In January 1852, a "Captain of U. S. Dragoons" criticizes The False Heir by G. P. R. James, then Herman Melville's Berkshire neighbor:
The hero is a lad of seventeen; old enough to fall in love, and but little else. St. Medard is a mere abstraction, De Langy a cipher, Artonne a riddle, Monsieur L. a man in a mask who puts himself in the way sufficiently to give some interesting trouble and help out the plot. In the most commonplace manner, he has thrown the hero and favorite characters into difficulties for the transparent object of a final triumph; he disinherits the hero, shipwrecks his best friend, St. Medard; confines Artonne in prison for murder, and last, not least, sends his best-drawn character, Marois, to the galleys!"
Scenes Beyond the Western Border, Southern Literary Messenger 18 (January 1852): 49; and Scenes and Adventures in the Army.

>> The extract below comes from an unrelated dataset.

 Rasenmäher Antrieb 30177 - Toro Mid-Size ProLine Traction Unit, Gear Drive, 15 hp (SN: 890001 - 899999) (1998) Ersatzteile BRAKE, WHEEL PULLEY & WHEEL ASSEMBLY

In Pierre (1852), Melville likewise faults popular novels for too-tidy conclusions:
Like all youths, Pierre had conned his novel-lessons; had read more novels than most persons of his years; but their false, inverted attempts at systematizing eternally unsystemizable elements; their audacious, intermeddling impotency, in trying to unravel, and spread out, and classify, the more thin than gossamer threads which make up the complex web of life; these things over Pierre had no power now. Straight through their helpless miserableness he pierced; the one sensational truth in him, transfixed like beetles all the speculative lies in them. He saw that human life doth truly come from that, which all men are agreed to call by the name of God; and that it partakes of the unravelable inscrutableness of God. By infallible presentiment he saw, that not always doth life's beginning gloom conclude in gladness; that wedding-bells peal not ever in the last scene of life's fifth act; that while the countless tribes of common novels laboriously spin vails of mystery, only to complacently clear them up at last; and while the countless tribe of common dramas do but repeat the same; yet the profounder emanations of the human mind, intended to illustrate all that can be humanly known of human life; these never unravel their own intricacies, and have no proper endings; but in imperfect, unanticipated, and disappointing sequels (as mutilated stumps), hurry to abrupt intermergings with the eternal tides of time and fate.  --Pierre; Or, The Ambiguities

Sunday, June 10, 2012

welcome as

* * Blessed IDEAL! rosy realm! Welcome resort of sad and weary souls! welcome, as to the fainting and lost way-farer, struggling with darkness and perils, the rising sun revealing prospects of relief and enjoyment! 
("Scenes Beyond the Western Border," Southern Literary Messenger 17, December 1851)
 Revised in the 1857 book version, as follows:
* * Blessed IDEAL! rosy realm! Welcome resort of sad and weary souls! welcome, as to the fainting, lost wayfarer, struggling in darkness, the rising sun.
Scenes and Adventures in the Army

 "....welcome as wine and olives after dinner."  (The Confidence-Man)

"Ay, welcome as the drums
Of marching allies unto men
Beleagured...."  (Clarel)

I keep the word "Welcome" all the time in my mouth, so as to be ready on the instant when you cross the threshold.  (Letter to Nathaniel Hawthorne, 1851)

Saturday, June 9, 2012

laughs and smiles, contrasted

C.   "....Strange, that laughter, man's lowest attribute, is distinctive; while the smile, which seems borrowed from Heaven, and which can confer rapturous joy, if not happiness, is shared, I think, in a slight degree by brutes." 
(Scenes Beyond the Western Border, Southern Literary Messenger, June 1852); and
Scenes and Adventures in the Army

"True, it is said that a man may smile, and smile, and smile, and be a villain; but it is not said that a man may laugh, and laugh, and laugh, and be one, is it, Charlie?"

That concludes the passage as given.